## GIVEN MATERIAL
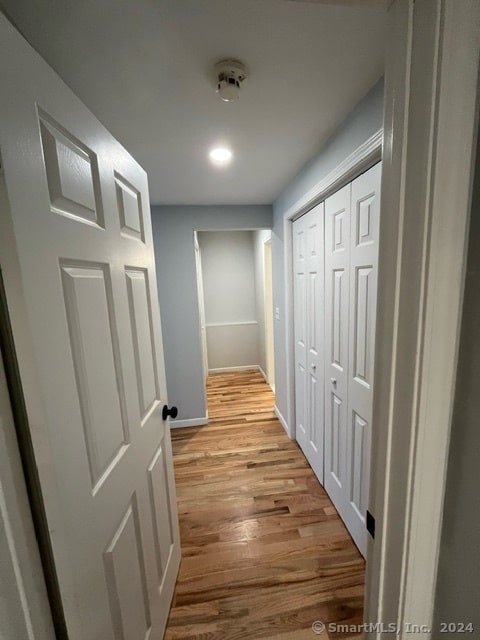 hall with light hardwood / wood-style flooring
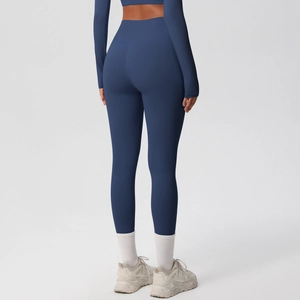 Macro view of high-waist yoga leggings showing dark blue fabric texture and push-up effect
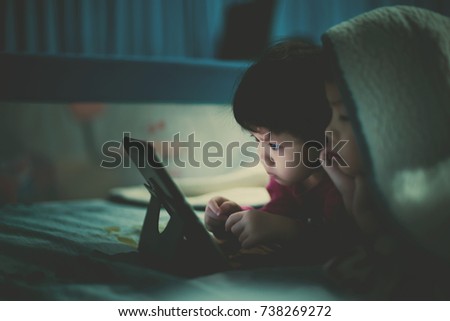 two asian children watching tablet  / playing phone and looking at cartoon / kid play tablet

## TASK
Copy the lines above exactly and exclude every image.

## COMPLETED TASK
 hall with light hardwood / wood-style flooring
 Macro view of high-waist yoga leggings showing dark blue fabric texture and push-up effect
 two asian children watching tablet  / playing phone and looking at cartoon / kid play tablet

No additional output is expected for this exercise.